Fig. 1 is an overall system block diagram of an urban single-area carbon emission early warning system according to an embodiment of the present invention.

In the drawings, the correspondence between each component and the reference numeral is:

1. the system comprises a data acquisition module, a safety maintenance module, a warning definition module, an intelligent statistics module, a region division module and a server, wherein the safety maintenance module is 2, the warning definition module is 3, the intelligent statistics module is 4, the region division module is 5, and the server is 6.

Detailed Description

In order to make the objects, technical solutions and advantages of the embodiments of the present invention clearer, the technical solutions in the embodiments of the present invention will be clearly and completely described below with reference to the drawings in the embodiments of the present invention, and it is obvious that the described embodiments are some, but not all, embodiments of the present invention. All other embodiments, which can be obtained by a person skilled in the art without any inventive step based on the embodiments of the present invention, are within the scope of the present invention.
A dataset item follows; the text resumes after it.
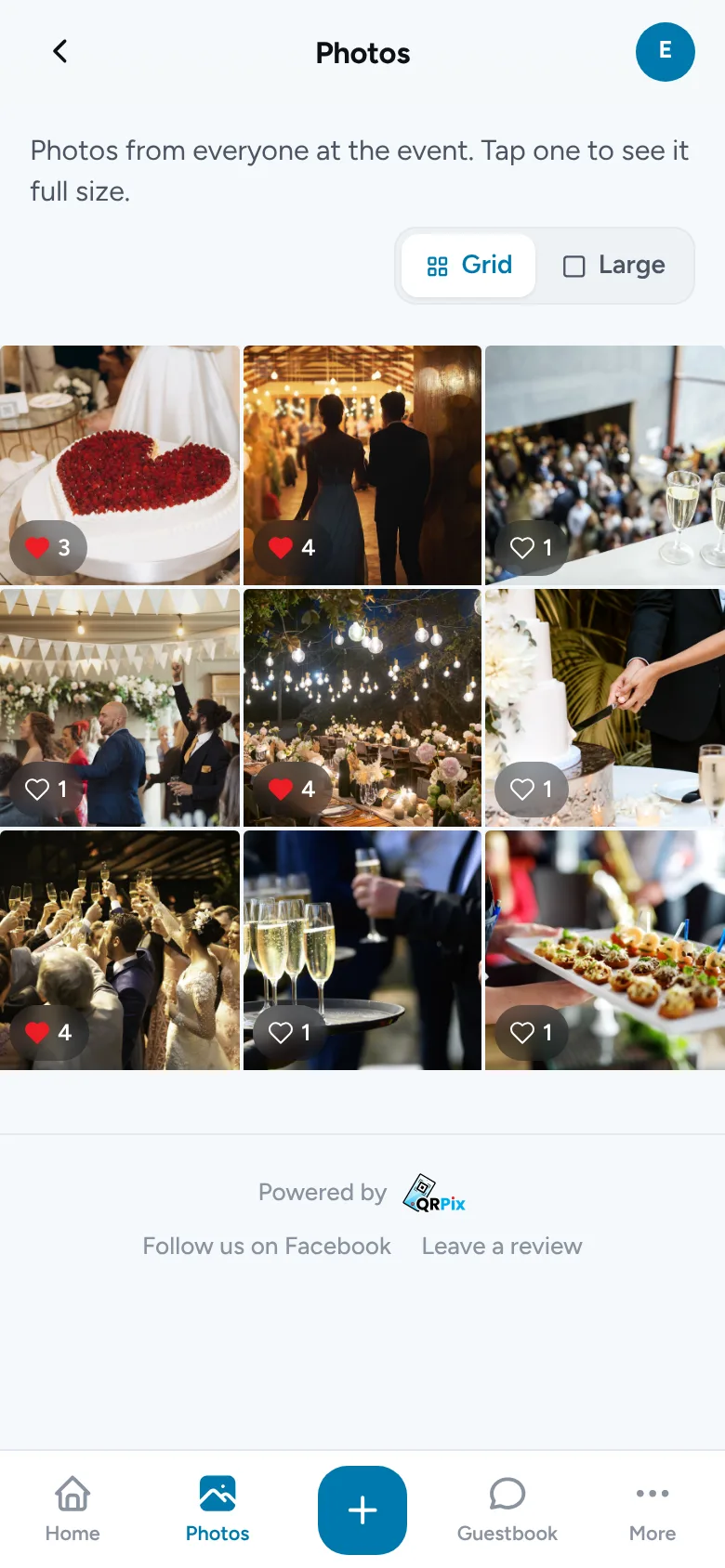 The shared photo gallery on a guest’s phone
The invention is described in further detail below with reference to the attached drawing figures:

as shown in fig. 1, the early warning system for carbon emission in a single city area according to the present invention includes: the system comprises a data acquisition module 1, a safety maintenance module 2, an early warning definition module 3, an intelligent statistics module 4, an area division module 5 and a server 6;

the region dividing module 5 is used for dividing the urban region into a plurality of monitoring regions and sending the monitoring regions to the server 6 and the intelligent statistical module 4;

specifically, the following are: in specific implementation, the urban area may be divided into monitoring areas according to the street community, or may be surrounded into monitoring areas according to the traffic roads, which is not specifically limited herein;

the intelligent statistical module 4 is used for calculating the early warning value of the carbon emission in the monitoring area sent by the received area dividing module 5, and the calculation steps are as follows:

the method comprises the following steps: marking the monitoring area as u, u is 1,2, … …, z, z is a positive integer;

step two: acquiring the population number in the monitored area, and marking the population number as RKu; acquiring the number of real-time vehicles in a monitoring area, and marking the real-time vehicles as CLu; acquiring the number of buildings in a monitored area, and marking the number of the buildings as JZu;

step three: calculating a carbon emission influence value TYu of the monitored area by using a formula TYu-RKu × a1+ CLu × a2+ JZu × a 3; in the formula, a1, a2 and a3 are all weight coefficient fixed numerical values, a1, a2 and a3 are all greater than zero, and a1+ a2+ a3 is equal to 1;

step four: acquiring the green planting area in the monitoring area, and marking the green planting area as LZu; acquiring a water source location in a monitored area, and marking the water source location as SYu;

step five: using formulas

Calculating to obtain an improved value GSu of carbon emission in the monitoring area; in the formula, a4 and a5 are both proportional coefficient fixed values, the values of a4 and a5 are both greater than zero, and e is a natural constant;

step six: acquiring the occupation ratio of emerging industries in a monitoring area, and marking the occupation ratio of the emerging industries as XCZu; acquiring the number of new energy vehicles in the number of real-time vehicles in a monitoring area, and comparing the number of new energy vehicles with the number of real-time vehicles to obtain a new energy vehicle ratio XNZu;

the emerging industries comprise enterprises with low energy consumption and small consumption, such as modern logistics industry and manufacturing industry, high and new technology industry, modern financial insurance industry, cultural tourism industry, electronic information industry and the like;

step seven: substituting the carbon emission influence value TYu, the improvement value GSu, the emerging industry ratio XCZu and the new energy vehicle ratio XNZu into a calculation formula

Calculating to obtain the area inside the monitoring areaAn early warning value YJu of carbon emissions;

early warning data of each monitoring area in the urban area is stored in the server 6, and the early warning data comprises early warning threshold values of the monitoring areas and the like; the intelligent statistical module 4 sends the early warning value to the early warning definition module 3, and the early warning definition module 3 is used for defining the carbon emission of the monitoring area according to the received early warning value, and the definition process specifically comprises:

step S1: acquiring an early warning threshold value of a monitoring area, and marking the early warning threshold value as YYJu;

step S2: subtracting the early warning threshold YYJu from the early warning value YJu to obtain an early warning difference value CYJu;

step S3: if CYJu is less than X1, generating a mild early warning signal, and setting a corresponding early warning coefficient alpha;

if X1 is not more than CYJu and is less than X2, generating a moderate early warning signal and setting a corresponding early warning coefficient alpha;

if X2 is less than or equal to CYJu, generating an emergency early warning signal, and setting a corresponding early warning coefficient alpha;

wherein, X1 and X2 are both preset fixed values, X1 is less than X2, and alpha is a preset fixed value.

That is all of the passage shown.